DATA SEGMENT
--*--

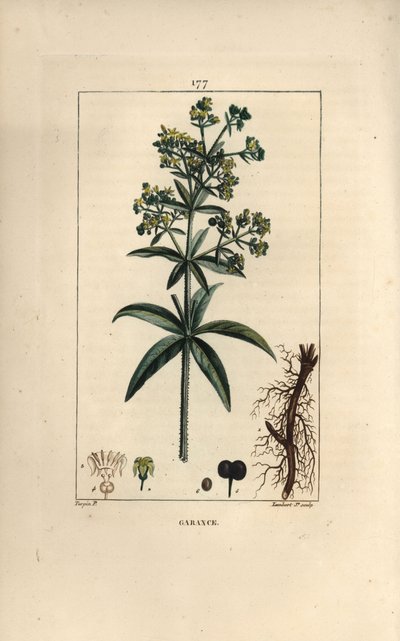 Garance des dyers - Madder, Rubia tinctorum, med rod, blomst, blad og frø. Håndkoloreret kobberstik af Lambert Junior efter en tegning af Pierre Jean-Francois Turpin fra Chaumeton, Poiret og Chamberets "" La Flore Medicale,"" Paris, af Pierre Jean Francois Turpin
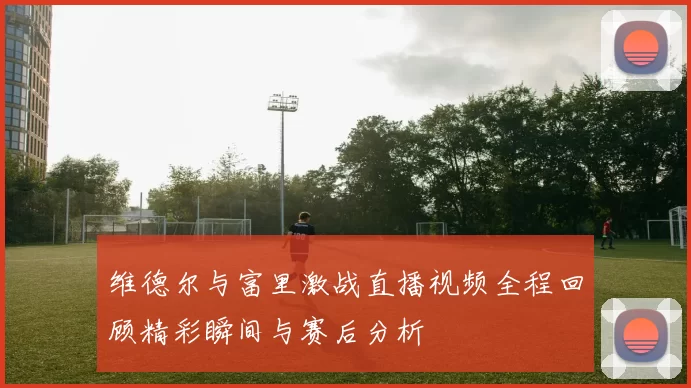 维德尔与富里激战直播视频全程回顾精彩瞬间与赛后分析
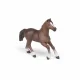 Papo Anglo-Arab Mare #5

--*--

WHAT YOU SHOULD DO
An exact transcript is required, covering the lines from the one containing "维德尔与富里激战直播视频全程回顾精彩瞬间与赛后分析" through the end of the listing above, inclusive, without pictures.

ANSWER FOR THE TASK
 维德尔与富里激战直播视频全程回顾精彩瞬间与赛后分析
 Papo Anglo-Arab Mare #5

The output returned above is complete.